Every entry should be reproduced precisely, with each picture left out.

*** INPUT FOR THIS TASK ***

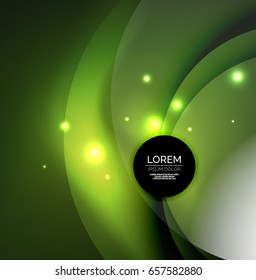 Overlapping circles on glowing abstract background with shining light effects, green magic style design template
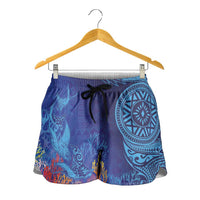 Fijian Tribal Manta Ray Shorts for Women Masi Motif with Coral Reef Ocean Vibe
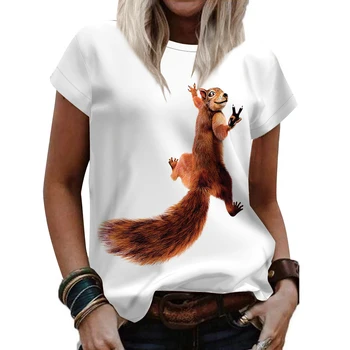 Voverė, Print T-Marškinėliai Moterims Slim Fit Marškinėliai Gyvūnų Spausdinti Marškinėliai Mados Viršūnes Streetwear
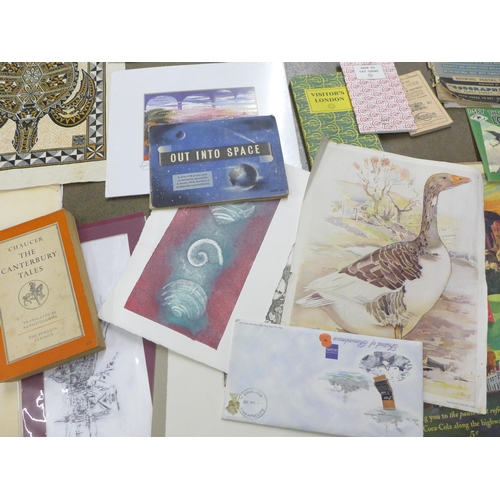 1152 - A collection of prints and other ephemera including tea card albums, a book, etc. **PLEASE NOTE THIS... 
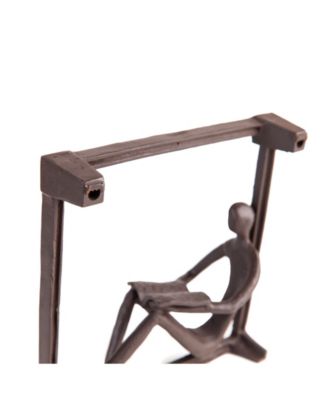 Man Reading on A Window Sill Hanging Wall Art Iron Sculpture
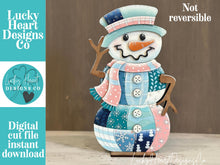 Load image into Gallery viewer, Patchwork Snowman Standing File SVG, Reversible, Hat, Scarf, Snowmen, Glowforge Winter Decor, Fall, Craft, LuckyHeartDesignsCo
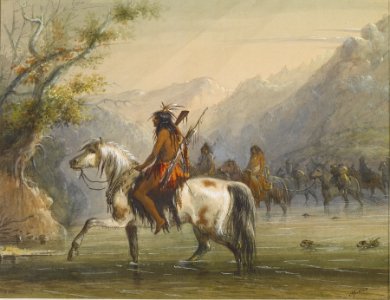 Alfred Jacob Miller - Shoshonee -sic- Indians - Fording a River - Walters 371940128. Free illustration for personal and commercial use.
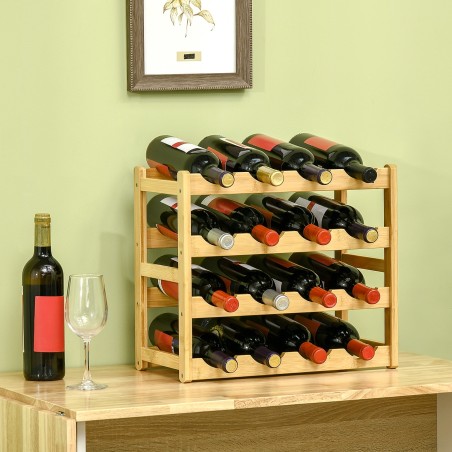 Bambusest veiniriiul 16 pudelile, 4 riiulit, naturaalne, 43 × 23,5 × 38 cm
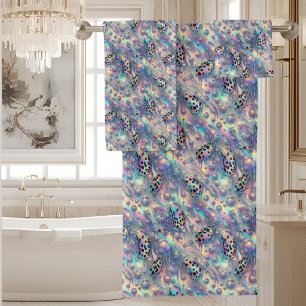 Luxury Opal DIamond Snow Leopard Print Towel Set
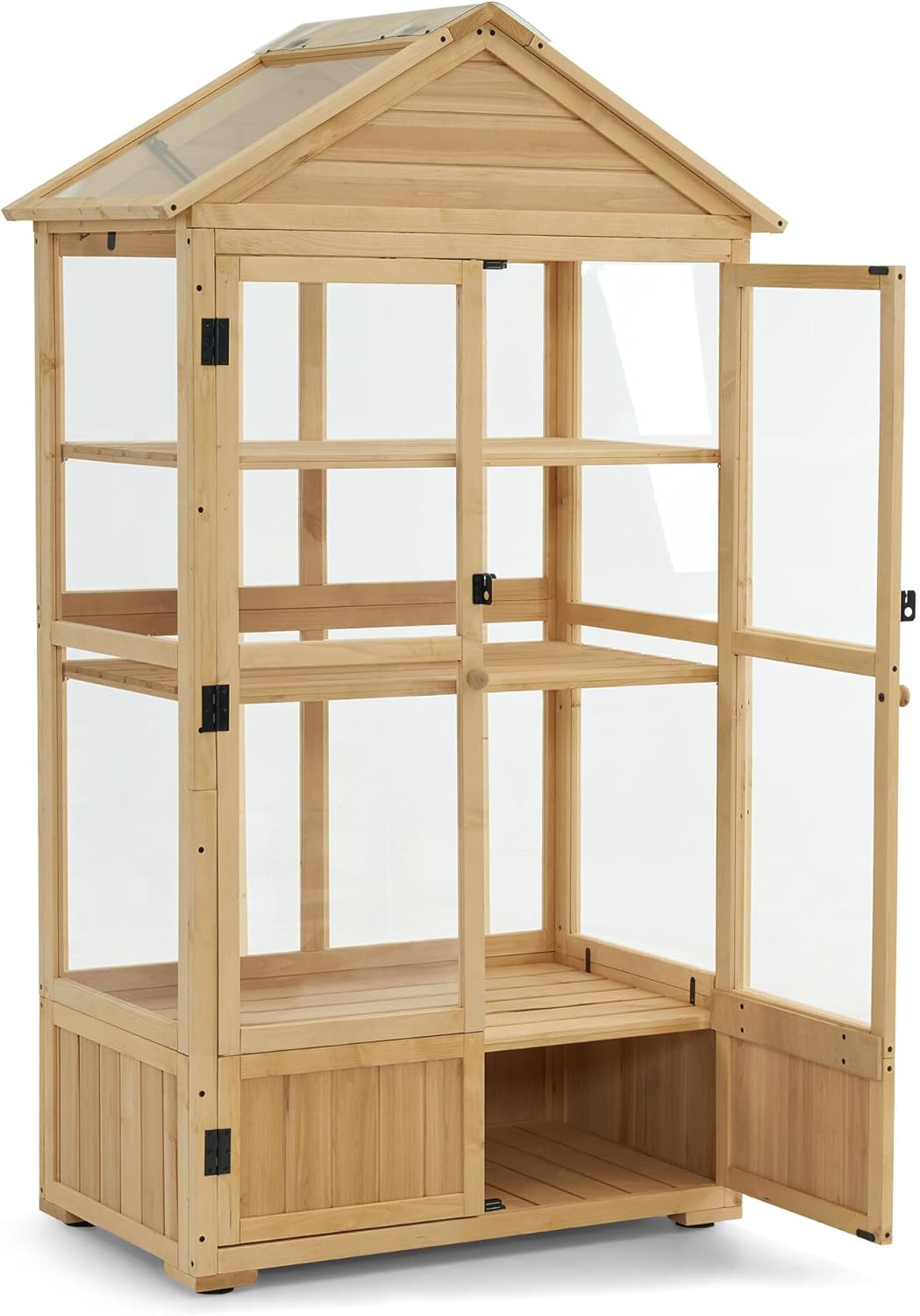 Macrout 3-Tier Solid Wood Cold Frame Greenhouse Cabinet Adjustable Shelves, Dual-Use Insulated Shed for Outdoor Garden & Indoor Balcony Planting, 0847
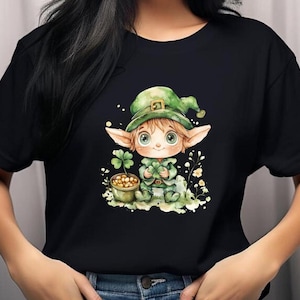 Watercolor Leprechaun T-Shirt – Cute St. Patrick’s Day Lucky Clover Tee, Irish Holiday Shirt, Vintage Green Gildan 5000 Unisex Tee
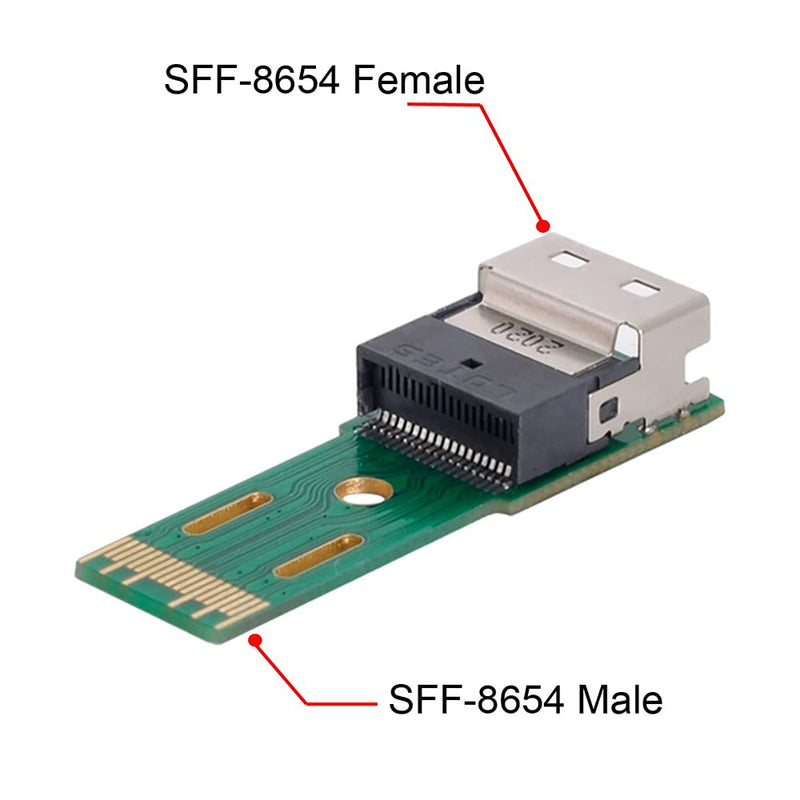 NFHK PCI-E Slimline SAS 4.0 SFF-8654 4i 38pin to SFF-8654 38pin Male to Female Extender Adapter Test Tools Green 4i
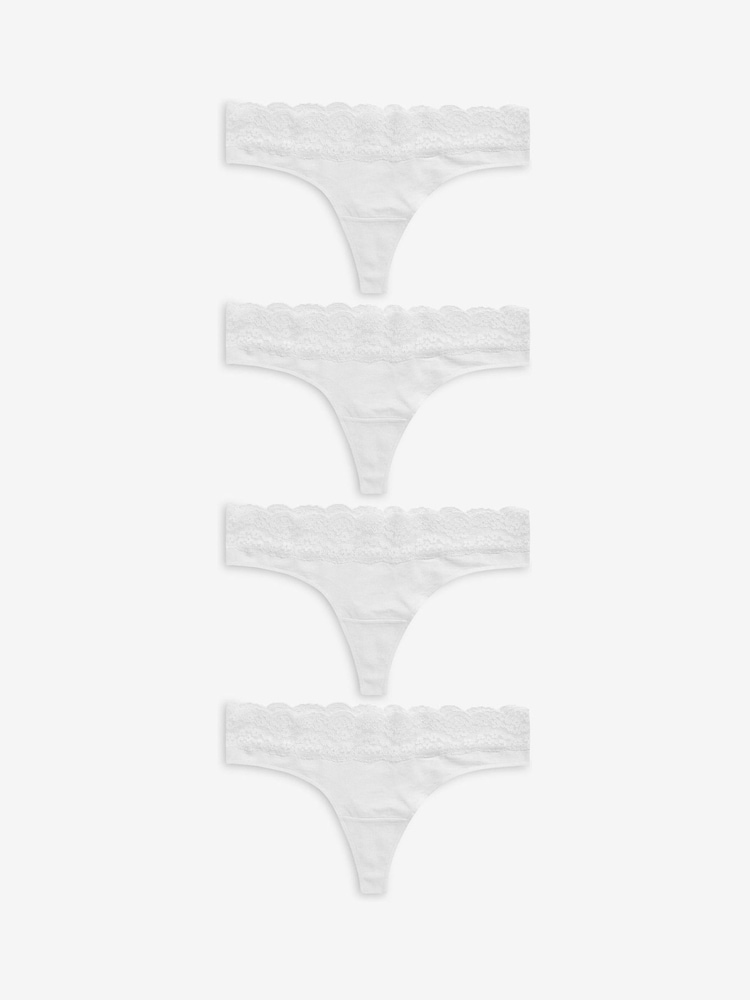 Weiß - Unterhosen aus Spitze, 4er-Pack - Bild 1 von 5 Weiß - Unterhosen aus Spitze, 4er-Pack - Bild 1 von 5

***

• **OUTPUT BELOW**
 Overlapping circles on glowing abstract background with shining light effects, green magic style design template
 Fijian Tribal Manta Ray Shorts for Women Masi Motif with Coral Reef Ocean Vibe
 Voverė, Print T-Marškinėliai Moterims Slim Fit Marškinėliai Gyvūnų Spausdinti Marškinėliai Mados Viršūnes Streetwear
 1152 - A collection of prints and other ephemera including tea card albums, a book, etc. **PLEASE NOTE THIS... 
 Man Reading on A Window Sill Hanging Wall Art Iron Sculpture
 Load image into Gallery viewer, Patchwork Snowman Standing File SVG, Reversible, Hat, Scarf, Snowmen, Glowforge Winter Decor, Fall, Craft, LuckyHeartDesignsCo
 Alfred Jacob Miller - Shoshonee -sic- Indians - Fording a River - Walters 371940128. Free illustration for personal and commercial use.
 Bambusest veiniriiul 16 pudelile, 4 riiulit, naturaalne, 43 × 23,5 × 38 cm
 Luxury Opal DIamond Snow Leopard Print Towel Set
 Macrout 3-Tier Solid Wood Cold Frame Greenhouse Cabinet Adjustable Shelves, Dual-Use Insulated Shed for Outdoor Garden & Indoor Balcony Planting, 0847
 Watercolor Leprechaun T-Shirt – Cute St. Patrick’s Day Lucky Clover Tee, Irish Holiday Shirt, Vintage Green Gildan 5000 Unisex Tee
 NFHK PCI-E Slimline SAS 4.0 SFF-8654 4i 38pin to SFF-8654 38pin Male to Female Extender Adapter Test Tools Green 4i
 Weiß - Unterhosen aus Spitze, 4er-Pack - Bild 1 von 5 Weiß - Unterhosen aus Spitze, 4er-Pack - Bild 1 von 5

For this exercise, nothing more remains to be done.